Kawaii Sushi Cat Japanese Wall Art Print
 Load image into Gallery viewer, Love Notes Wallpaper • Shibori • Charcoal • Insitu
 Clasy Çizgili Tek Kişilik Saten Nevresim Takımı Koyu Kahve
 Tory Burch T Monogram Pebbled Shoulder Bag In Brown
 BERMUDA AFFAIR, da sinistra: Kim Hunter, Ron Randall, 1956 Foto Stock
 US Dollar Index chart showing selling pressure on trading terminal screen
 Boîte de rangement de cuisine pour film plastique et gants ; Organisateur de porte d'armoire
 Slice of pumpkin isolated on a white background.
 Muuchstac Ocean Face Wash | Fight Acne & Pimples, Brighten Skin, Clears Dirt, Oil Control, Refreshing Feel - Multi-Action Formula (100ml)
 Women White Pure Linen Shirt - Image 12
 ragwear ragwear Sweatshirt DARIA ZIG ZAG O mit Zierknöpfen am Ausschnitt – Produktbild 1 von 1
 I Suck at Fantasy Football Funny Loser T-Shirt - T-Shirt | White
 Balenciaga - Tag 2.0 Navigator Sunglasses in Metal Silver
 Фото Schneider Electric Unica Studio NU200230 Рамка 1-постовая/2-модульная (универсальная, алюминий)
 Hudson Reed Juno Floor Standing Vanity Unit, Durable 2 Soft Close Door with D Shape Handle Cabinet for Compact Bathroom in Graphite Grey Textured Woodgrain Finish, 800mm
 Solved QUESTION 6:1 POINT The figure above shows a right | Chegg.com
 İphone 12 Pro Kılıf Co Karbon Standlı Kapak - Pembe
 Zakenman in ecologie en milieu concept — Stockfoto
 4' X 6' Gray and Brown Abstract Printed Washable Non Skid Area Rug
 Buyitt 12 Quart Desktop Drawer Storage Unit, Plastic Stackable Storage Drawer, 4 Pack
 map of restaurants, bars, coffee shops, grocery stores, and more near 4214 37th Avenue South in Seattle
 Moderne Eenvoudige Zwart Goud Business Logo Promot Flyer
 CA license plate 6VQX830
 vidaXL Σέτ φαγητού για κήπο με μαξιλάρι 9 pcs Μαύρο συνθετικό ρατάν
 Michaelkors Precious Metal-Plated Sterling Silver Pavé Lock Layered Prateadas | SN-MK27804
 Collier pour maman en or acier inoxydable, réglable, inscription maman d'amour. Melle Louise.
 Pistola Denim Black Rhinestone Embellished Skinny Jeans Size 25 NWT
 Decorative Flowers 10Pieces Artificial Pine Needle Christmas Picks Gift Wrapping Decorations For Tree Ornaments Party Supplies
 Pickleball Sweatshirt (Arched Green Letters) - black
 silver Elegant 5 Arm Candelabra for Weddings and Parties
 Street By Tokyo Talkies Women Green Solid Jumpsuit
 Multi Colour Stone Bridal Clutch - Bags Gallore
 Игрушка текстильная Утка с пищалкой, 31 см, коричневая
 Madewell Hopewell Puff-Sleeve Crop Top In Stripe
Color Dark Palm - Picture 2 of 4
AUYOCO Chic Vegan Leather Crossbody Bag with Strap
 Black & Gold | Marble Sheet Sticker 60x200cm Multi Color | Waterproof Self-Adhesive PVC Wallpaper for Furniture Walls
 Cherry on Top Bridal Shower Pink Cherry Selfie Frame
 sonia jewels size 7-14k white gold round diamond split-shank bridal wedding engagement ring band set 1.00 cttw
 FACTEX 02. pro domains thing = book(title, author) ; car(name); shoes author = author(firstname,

◆ Your task ◆
If a line of the material contains the word "Multi", count it; please reply with the total and nothing more.

◆ Expected answer ◆
3